The CMO’s Job: We need to continue to learn how to produce original, useful and entertaining video content that people choose not to skip. And tag it for discovery.
7. Conversational Marketing. Social media isn’t just about media and content marketing. It’s also a way to cut-through the noise by engaging in 1-to-1 conversations with your market.
The CMO’s Job: We need to help all of our front-line employees use social media to find the right prospects and influencers and to engage with them as people first – to solve problems, to answer questions and to offer assistance when needed.
Time To Upgrade Your Skills
If you’re with me so far, then it’s pretty obvious that your marketing team will need to be technically proficient to deal with your market’s adaptation to ‘content shock’
Leveraging technologies like the ones listed above will require making changes in staffing and training. You will need to buy software, hire consultants, hire experienced engineers and hire data systems experts to accomplish the work above.
I really mean nothing personal by this, but: most young liberal arts graduates just aren’t trained do this kind of work.

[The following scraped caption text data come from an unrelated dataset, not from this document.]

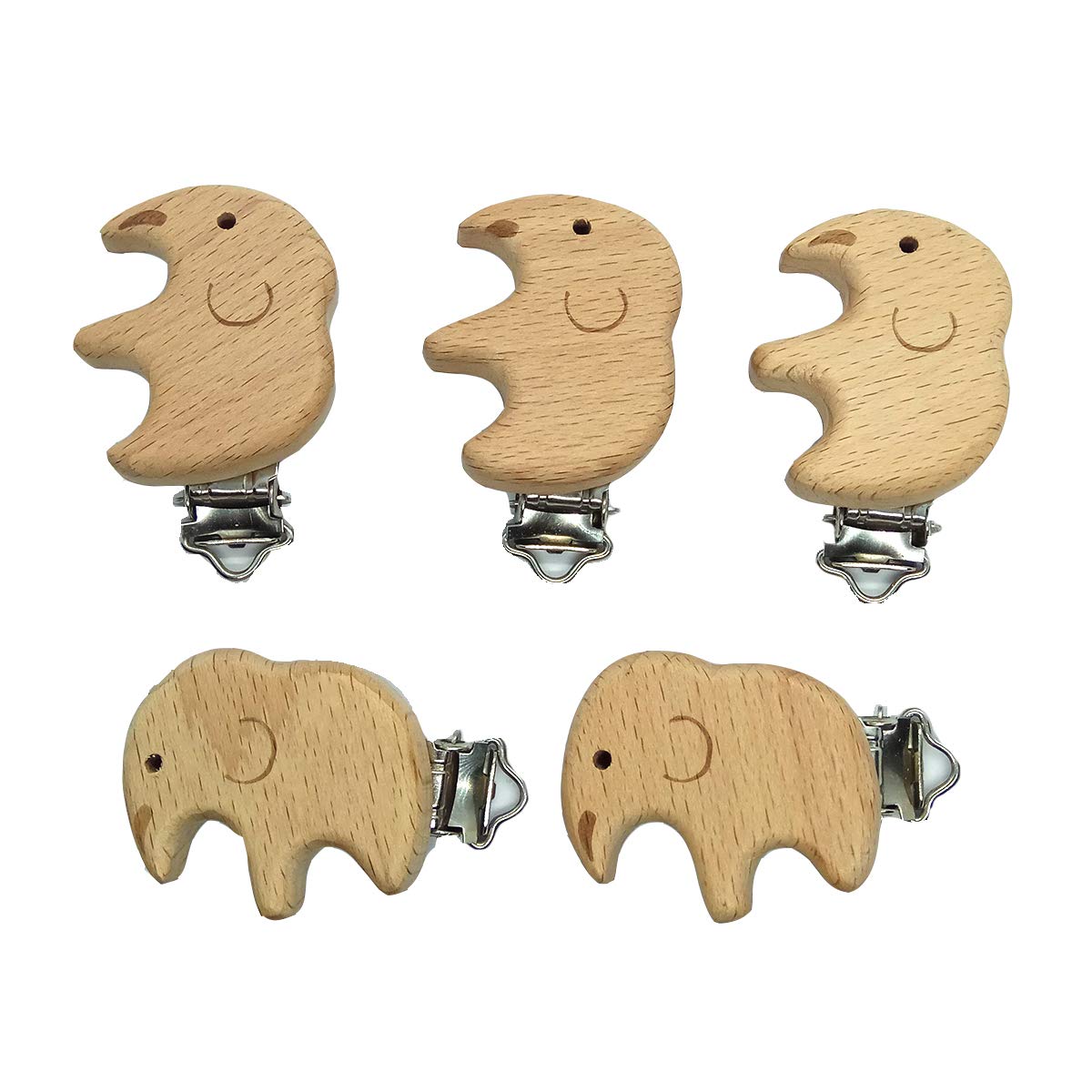 20pcs Natural Wood Suspender Pacifier Clips Cute Beech Wooden Animal Elephant Shape Clips DIY Beading Pacifier Chain Accessory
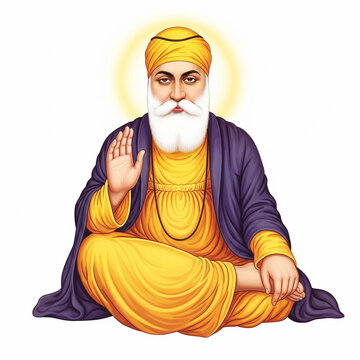 Ultra realistic full frame portrait of Guru Nanak Dev Ji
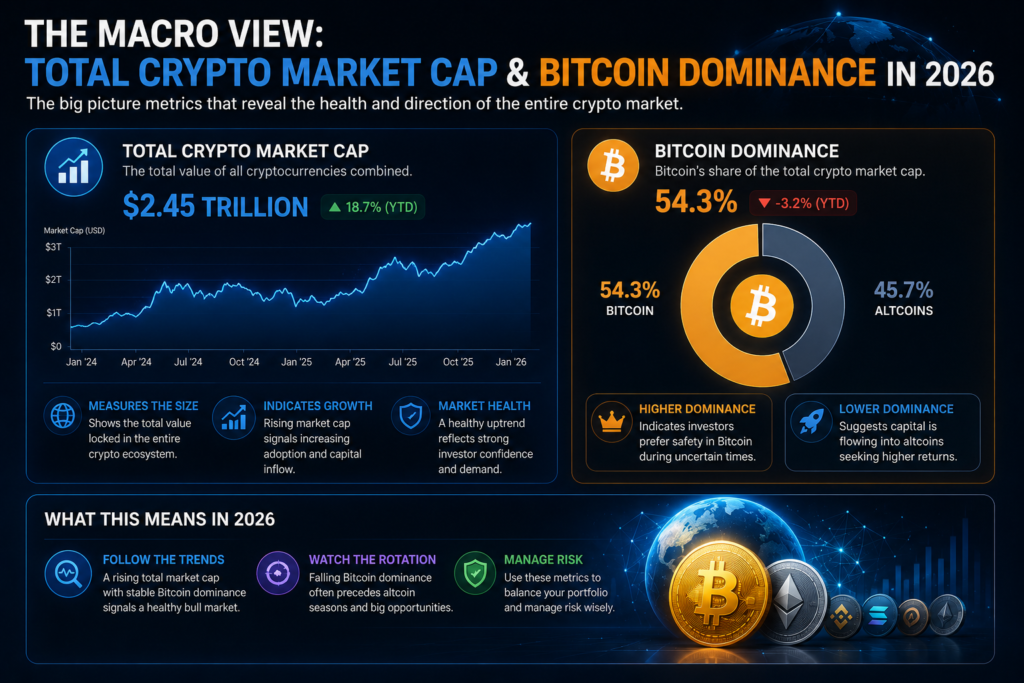 what is crypto market cap 2026-The Macro View: Total Crypto Market Cap and Bitcoin Dominance in 2026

On the other hand, this post is about emerging trends. Most internet users do not use personal media apps today. You could rationally make the case to continue leaning on social networks and search engines to distribute your content for years.
Of course, if a decent share of your market starts using Flipboard and Paper, then your awesome investments into high-quality content may be for naught when it gets blocked, filtered, sifted and sorted out of your customers’ personal media network.
If you choose to ignore this trend, don’t be surprised if attention, amplification and engagement declines over the next few years.